> _Records for processing_:
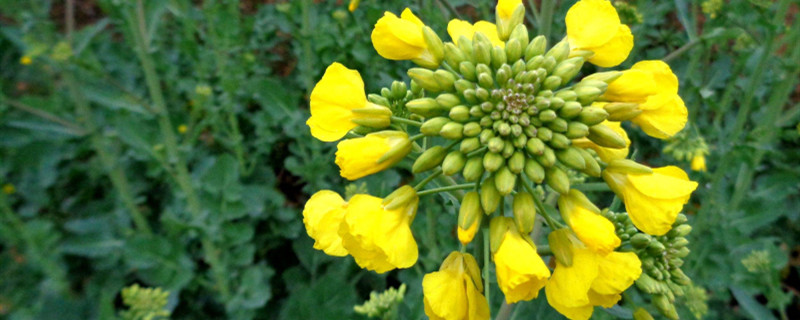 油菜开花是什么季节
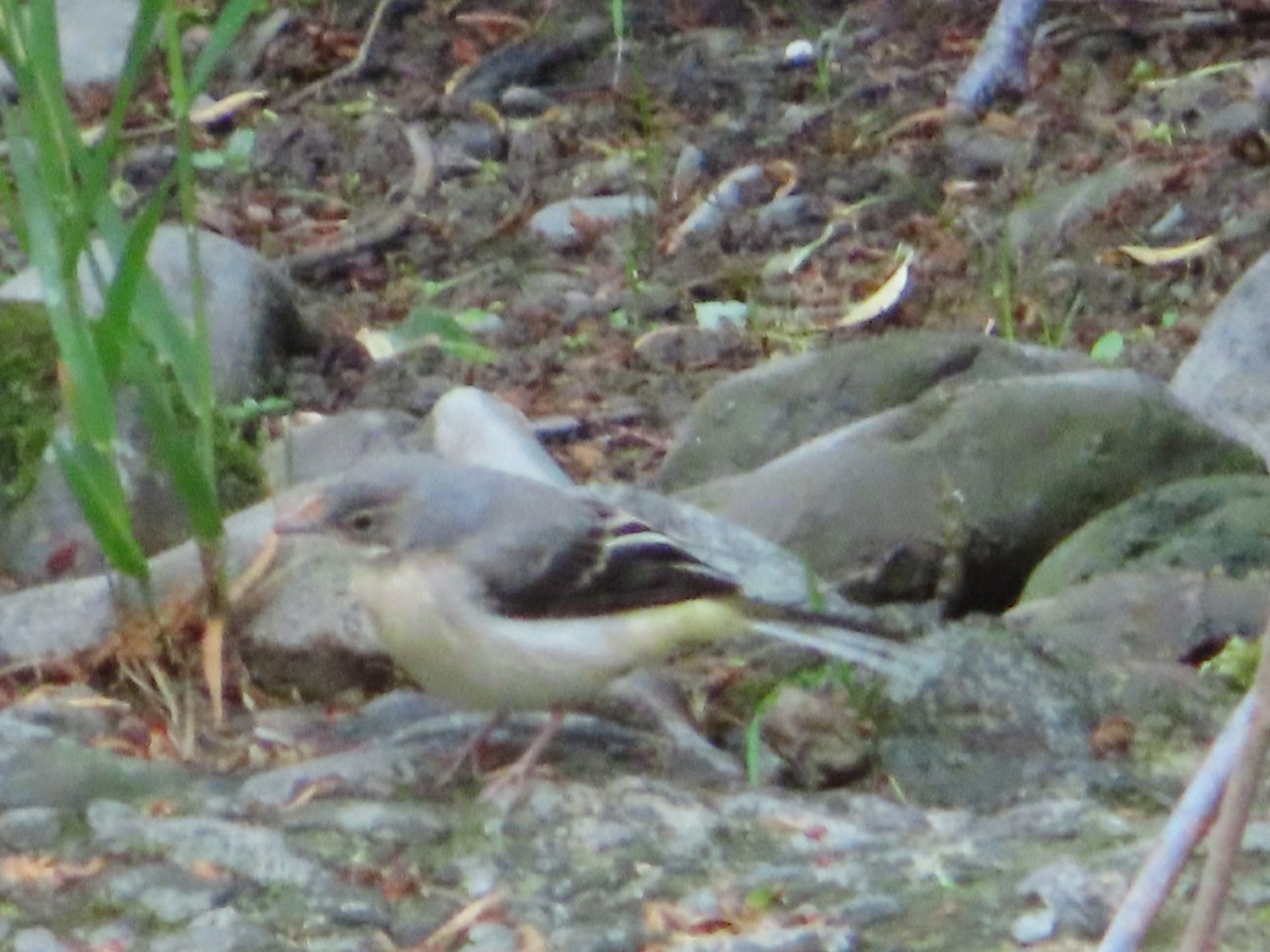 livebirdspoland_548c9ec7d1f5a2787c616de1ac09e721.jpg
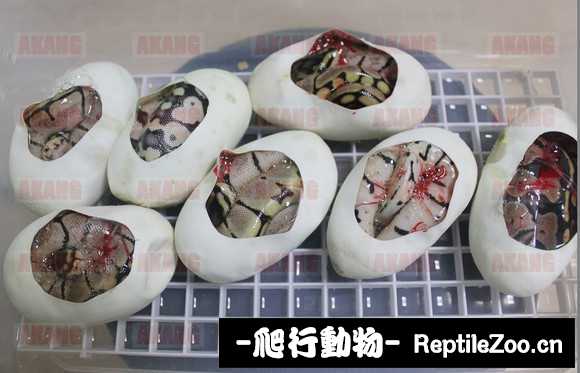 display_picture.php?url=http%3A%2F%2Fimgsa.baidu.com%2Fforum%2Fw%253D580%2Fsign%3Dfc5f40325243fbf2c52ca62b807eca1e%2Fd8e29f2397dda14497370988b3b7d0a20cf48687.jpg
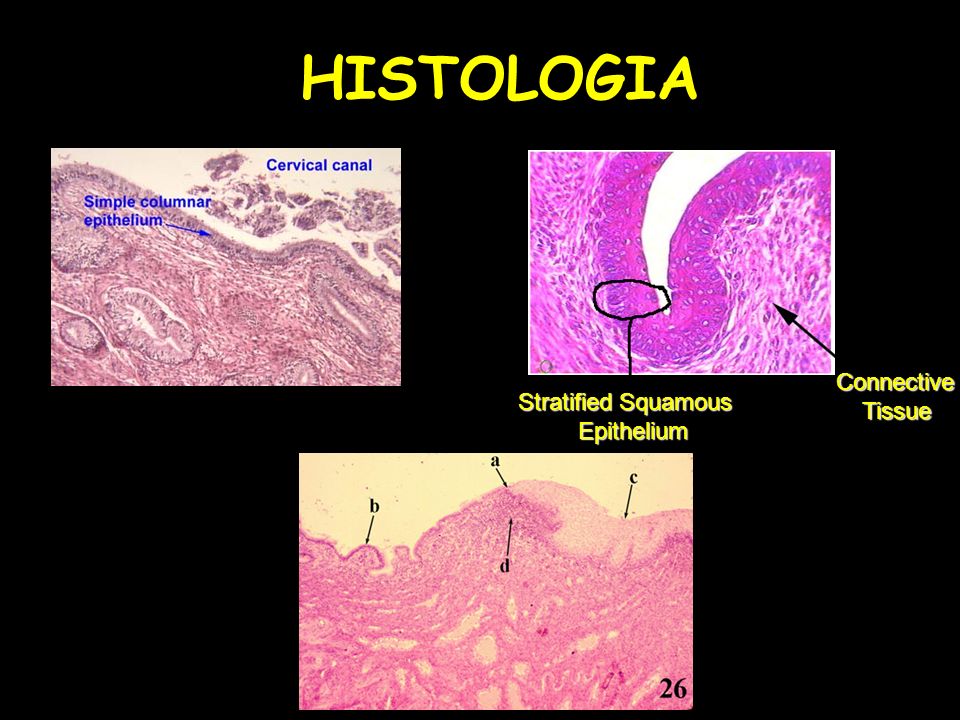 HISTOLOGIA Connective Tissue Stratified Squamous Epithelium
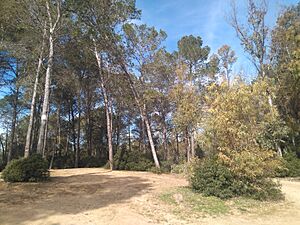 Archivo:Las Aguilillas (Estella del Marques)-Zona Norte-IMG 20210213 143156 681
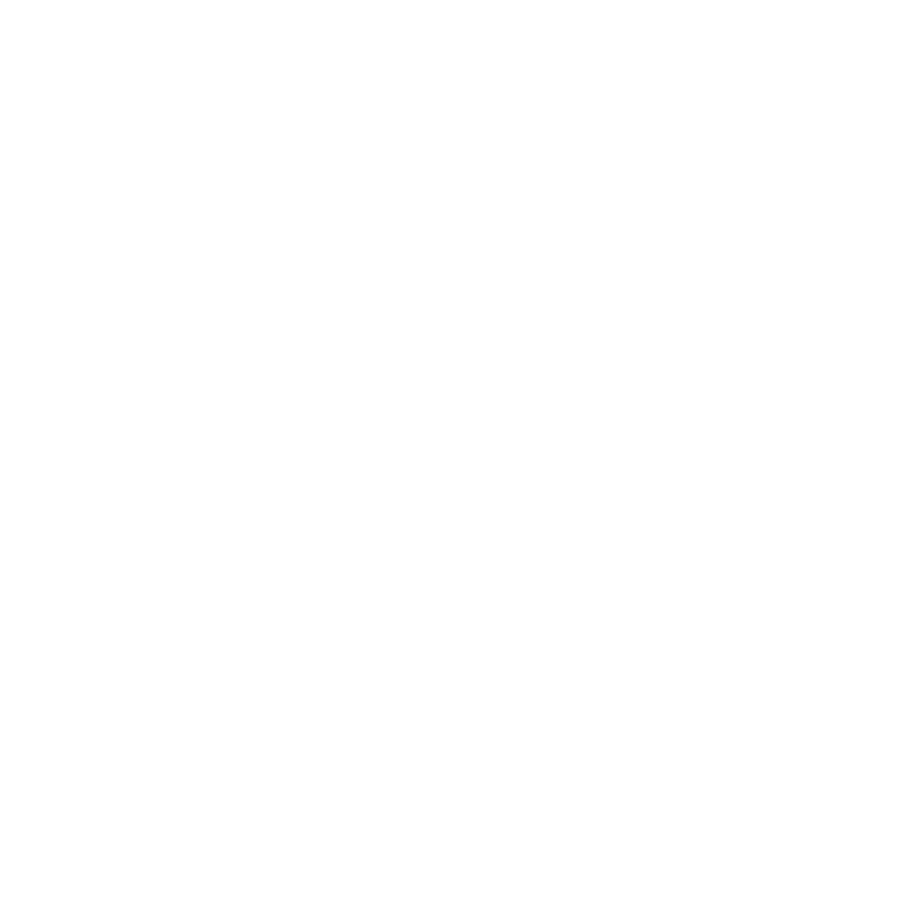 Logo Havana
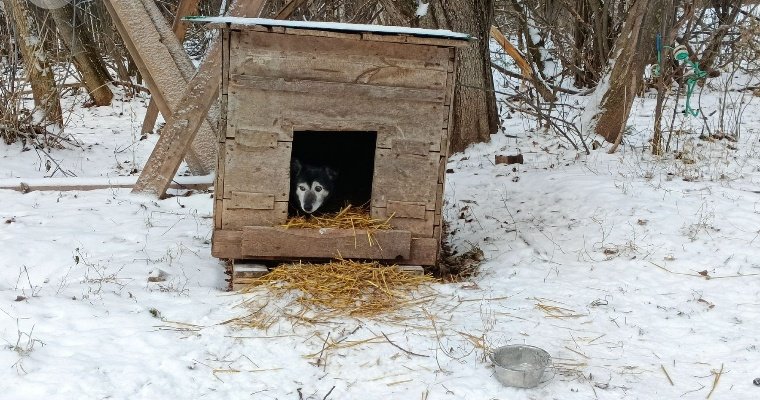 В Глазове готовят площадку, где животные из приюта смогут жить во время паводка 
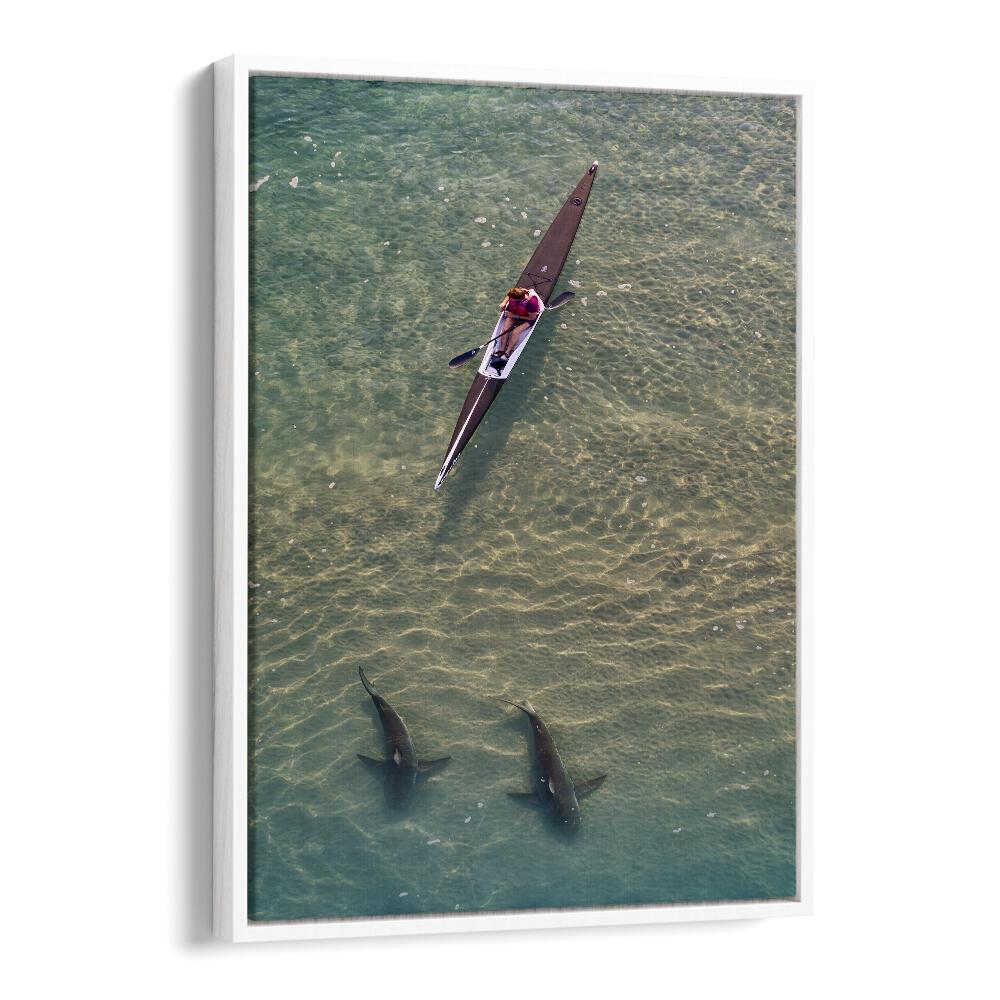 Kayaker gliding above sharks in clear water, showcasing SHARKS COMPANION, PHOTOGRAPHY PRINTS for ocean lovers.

---

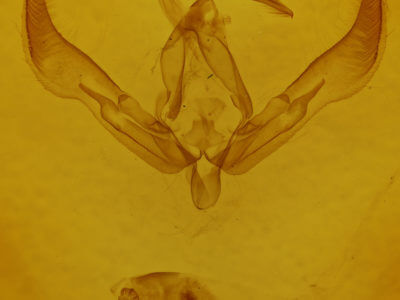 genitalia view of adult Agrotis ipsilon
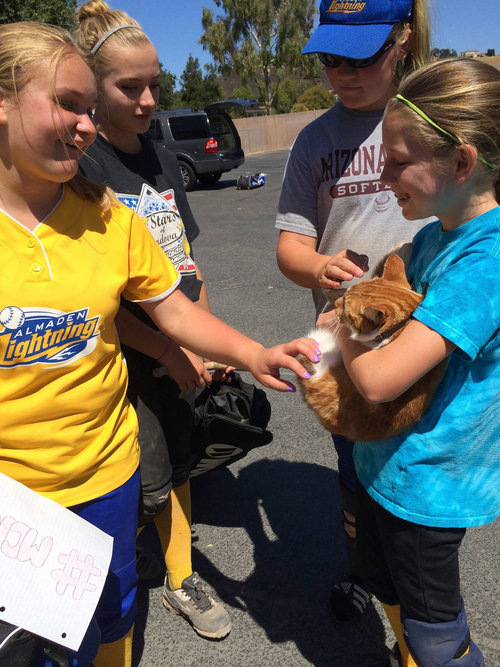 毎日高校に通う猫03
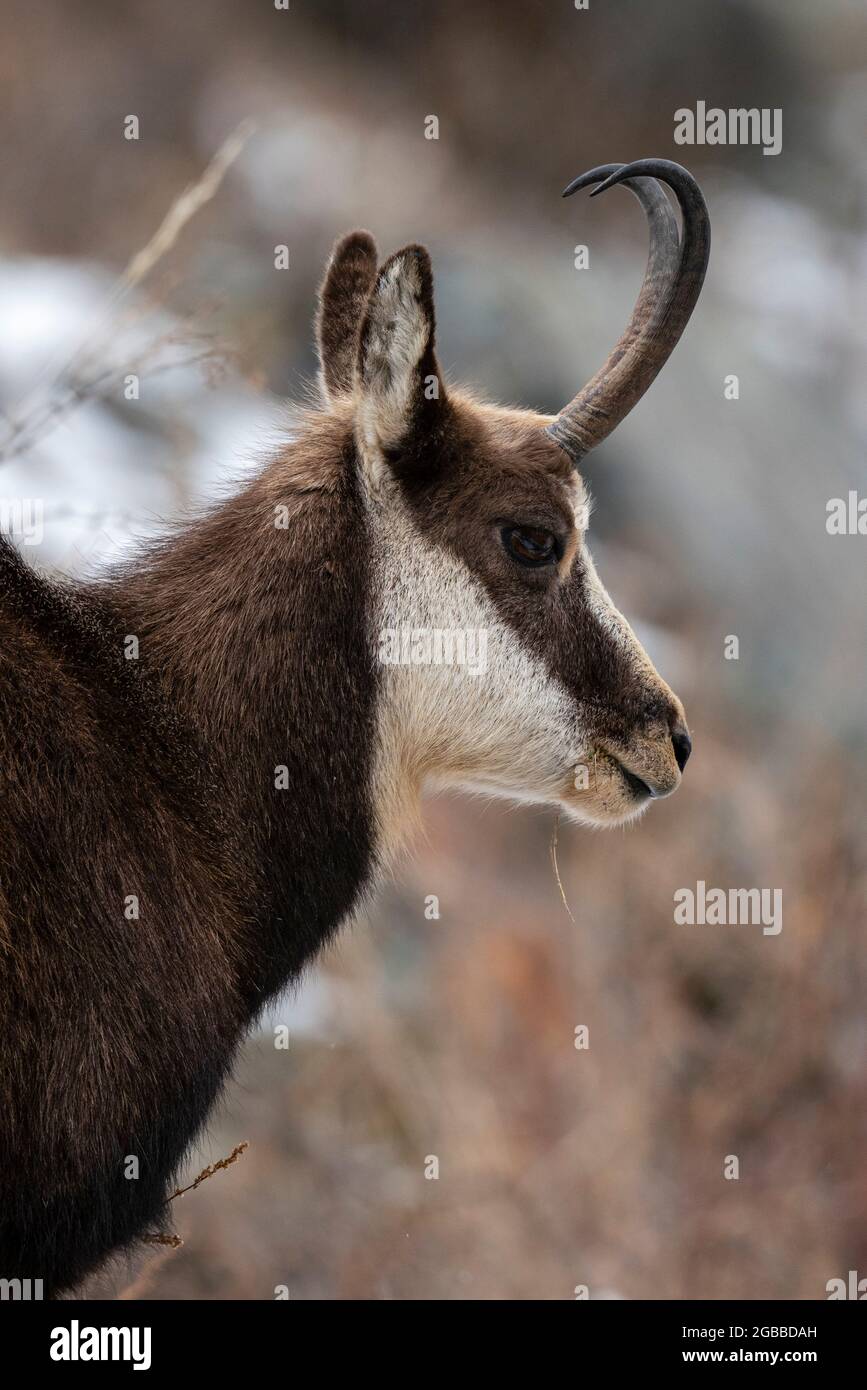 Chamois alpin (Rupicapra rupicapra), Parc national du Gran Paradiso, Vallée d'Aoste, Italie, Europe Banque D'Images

> _What to work on_: Only one stretch of the material above is wanted: the line containing "В Глазове готовят" through the line containing "Kayaker gliding above". Restate it word for word, minus the pictures.

> _Written response_:
 В Глазове готовят площадку, где животные из приюта смогут жить во время паводка 
 Kayaker gliding above sharks in clear water, showcasing SHARKS COMPANION, PHOTOGRAPHY PRINTS for ocean lovers.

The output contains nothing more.